[Caption-style text data]
..........

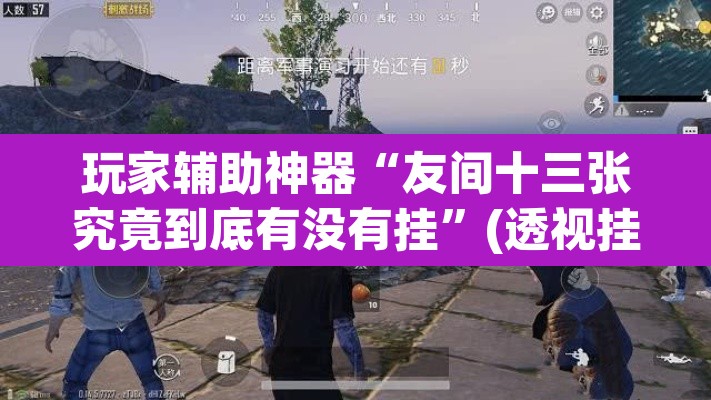 玩家辅助神器“友间十三张究竟到底有没有挂”(透视挂)辅助透视教程
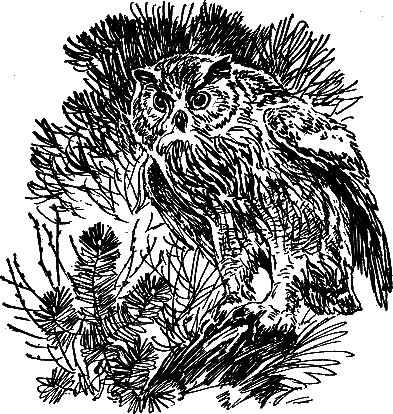 Рассказы и сказки - i_033.png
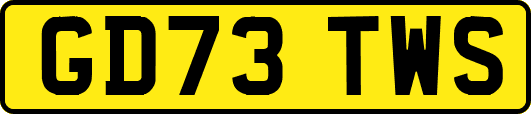 GD73TWS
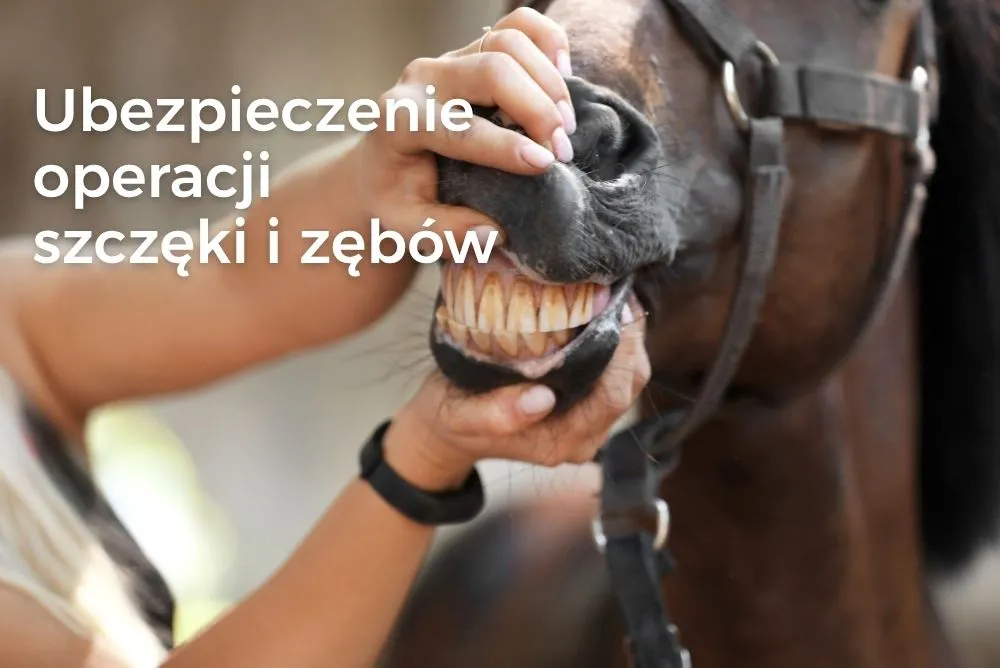 Ubezpieczenie konia – leczenie i operacje stomatologiczne Ubezpieczenie konia – leczenie i operacje stomatologiczne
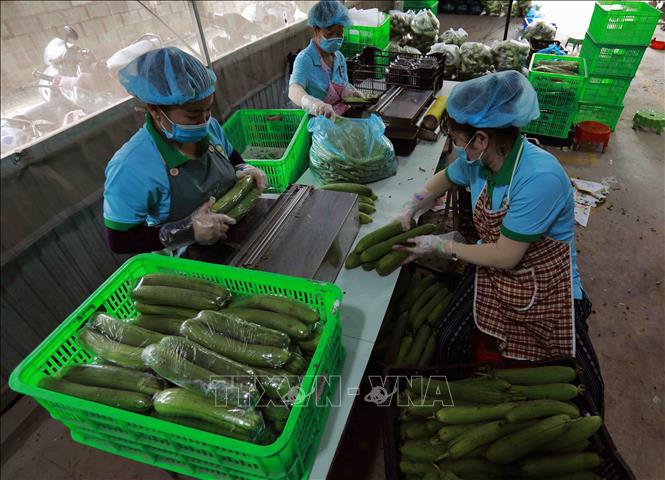 HTX nông nghiệp Mỹ Thạnh ở xã Mỹ Thạnh, huyện Thủ Thừa mỗi năm cung cấp ra thị trường khoảng 1.500 tấn rau củ quả, doanh thu khoảng 14 tỷ đồng, tạo việc làm cho gần 40 lao động địa phương. Ảnh: Vũ Sinh - TTXVN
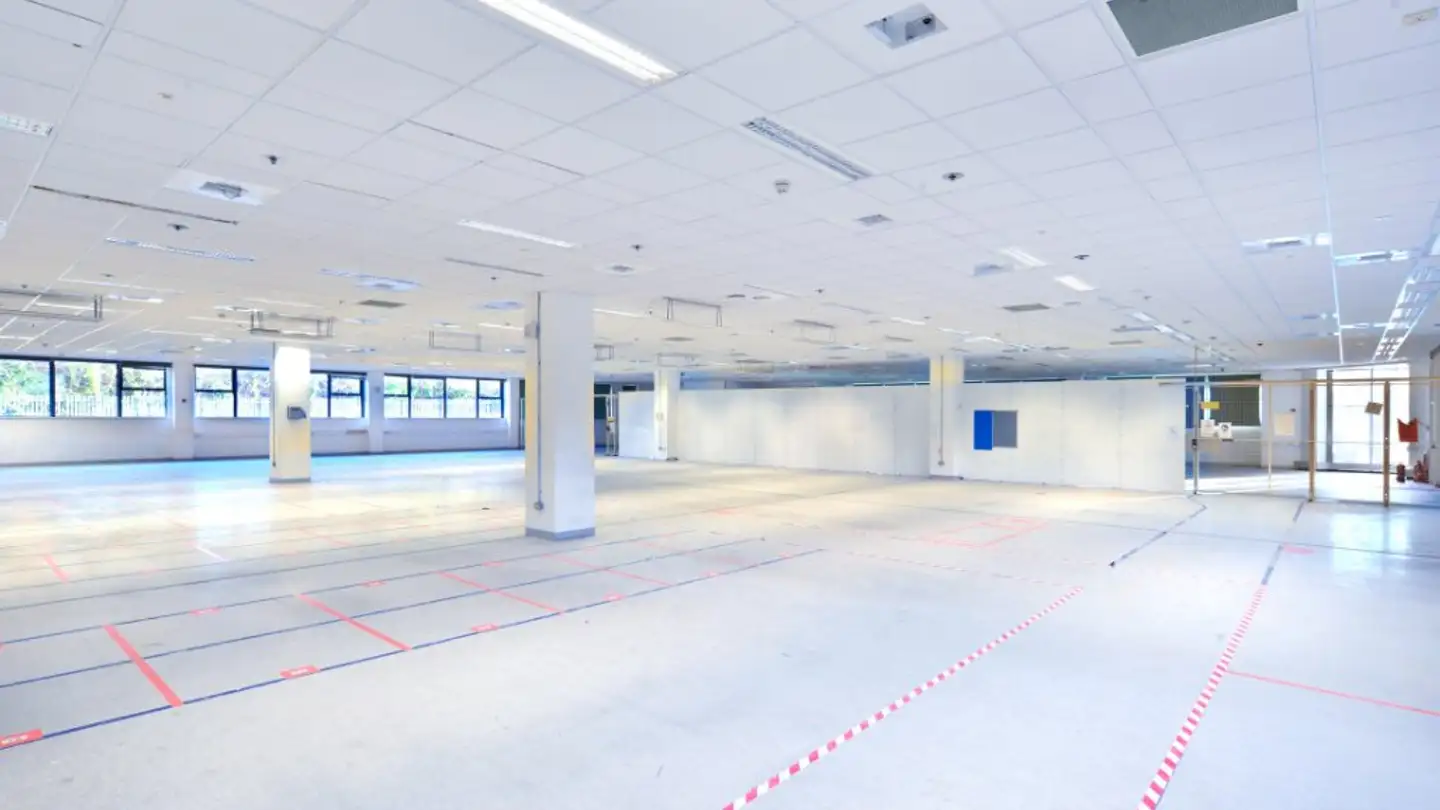Gewerbe mieten - Via Grumo, 6929 Gravesano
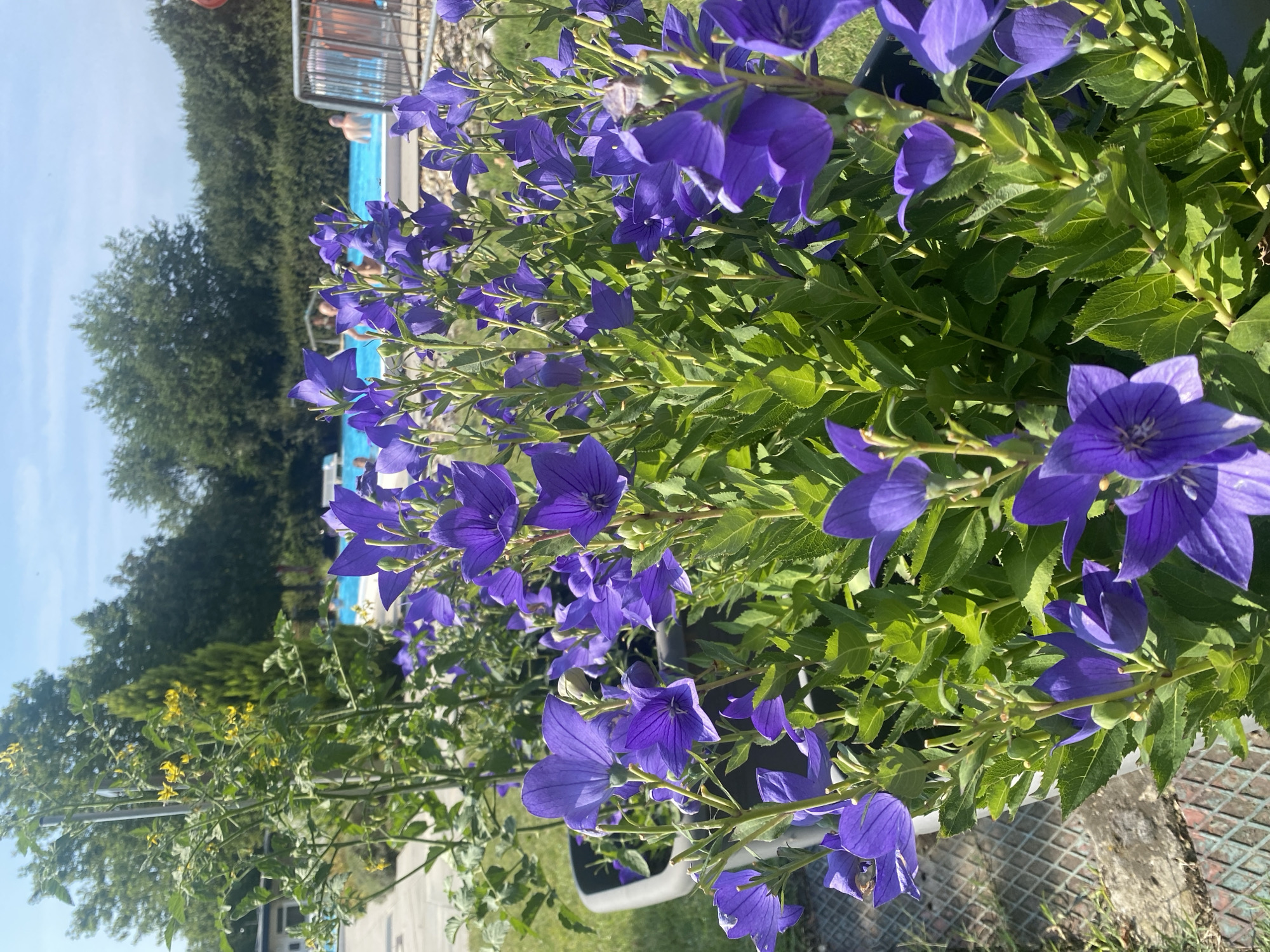 The image shows a close-up of purple bellflowers in the foreground, with a swimming pool in the background. The swimming pool is filled with blue water and surrounded by trees and greenery. Several people are visible in the pool, some swimming and others relaxing. The overall scene suggests a sunny day at a public outdoor pool. The location is identified as Deutschkreutz, Austria.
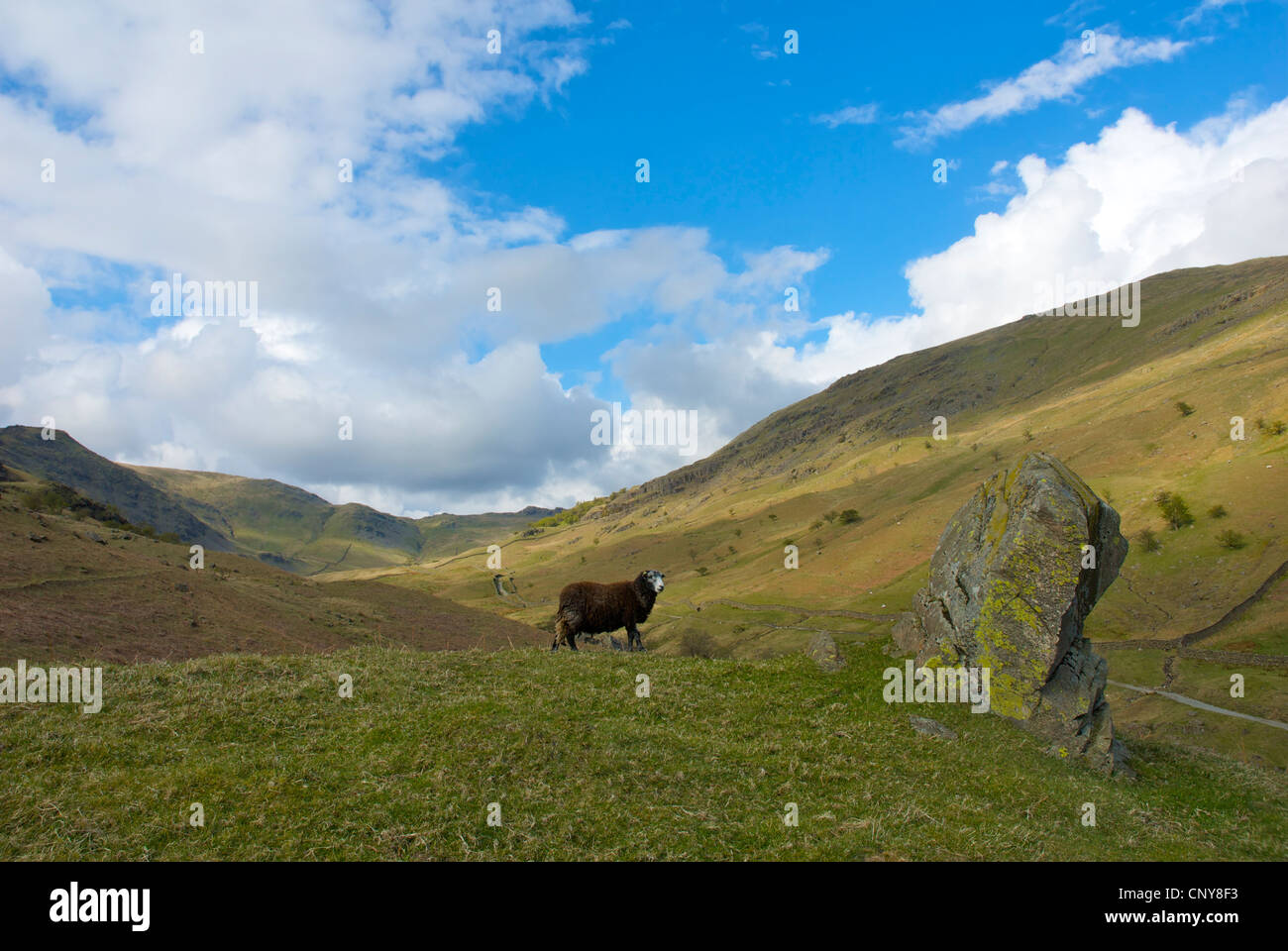 Scandale è caduto - e Herdwick ovini - vicino a Ambleside, Parco Nazionale del Distretto dei Laghi, Cumbria, England Regno Unito Foto Stock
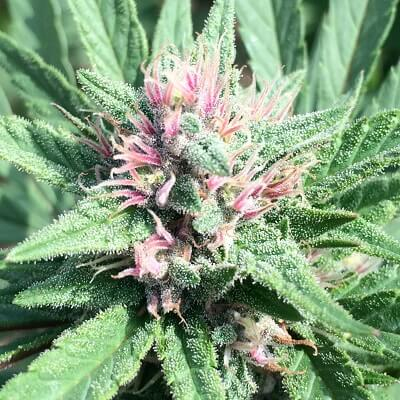 ErdPurt x PCK Regular Seeds - 10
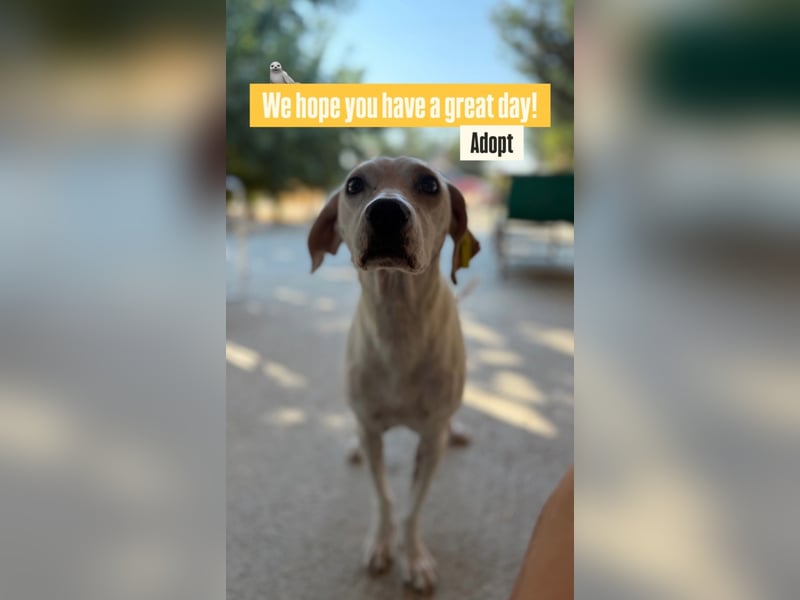 Murphy (3) sucht Ihr Happy End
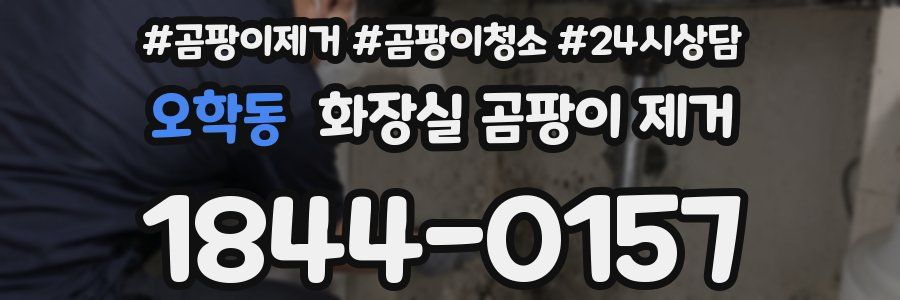 오학동 화장실 곰팡이 제거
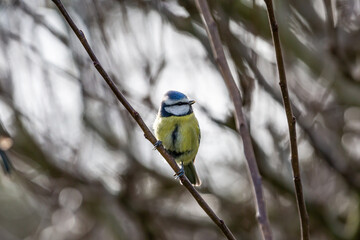 A blue tit perched on a bare tree in winter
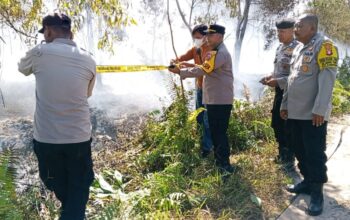 Api Membakar 1,7 Hektare Lahan di Kalampangan, Petugas Bergerak Cegah Karhutla Meluas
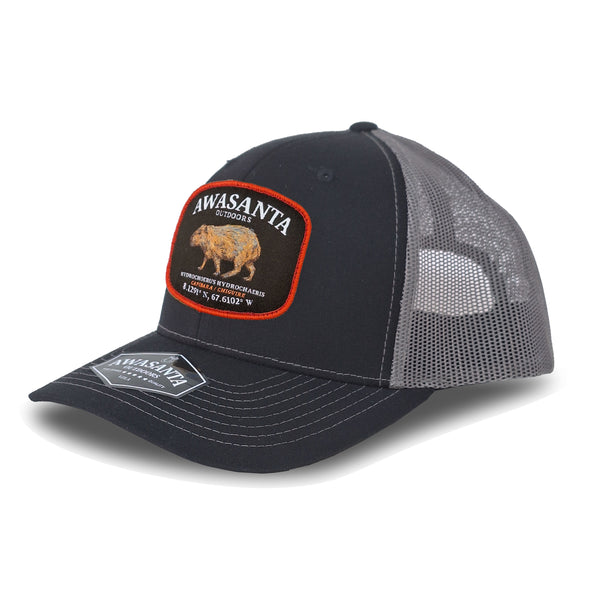 CHIGUIRE 112 BLACK/GRAY TRUCKER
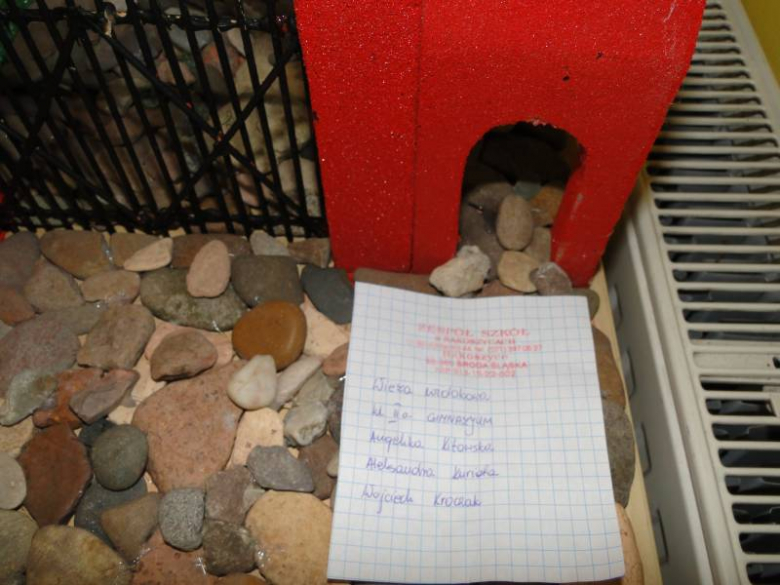 I etap konkursu "Znam Środę Śląską - wiem o tym mieście wszystko"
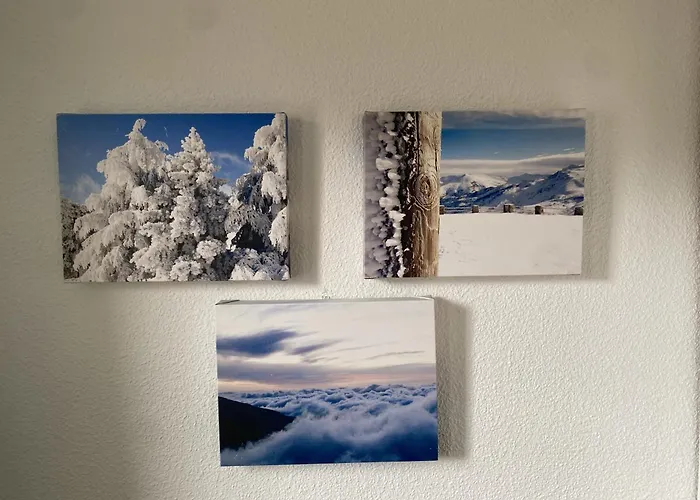 Nevadahome Arttyfal Junto Al Telesilla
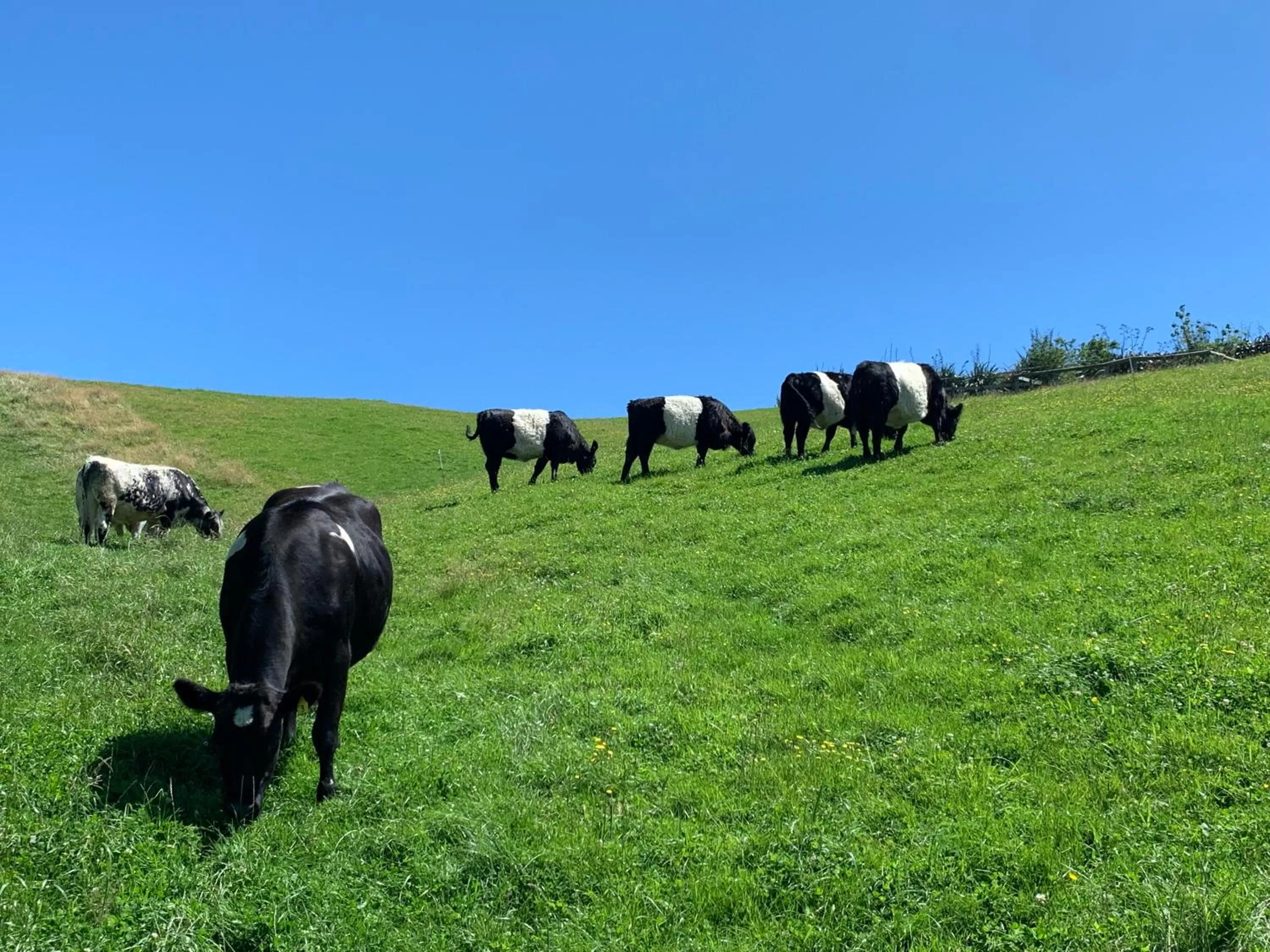 Animals in Hilltop Whakaipo Estate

..........

### WHAT NEEDS TO BE DONE:
What is needed is an exact restatement of every line from the line containing "Nevadahome Arttyfal Junto Al Telesilla" through the last line of the records, minus any pictures.

### SOLUTION TO THIS TASK:
 Nevadahome Arttyfal Junto Al Telesilla
 Animals in Hilltop Whakaipo Estate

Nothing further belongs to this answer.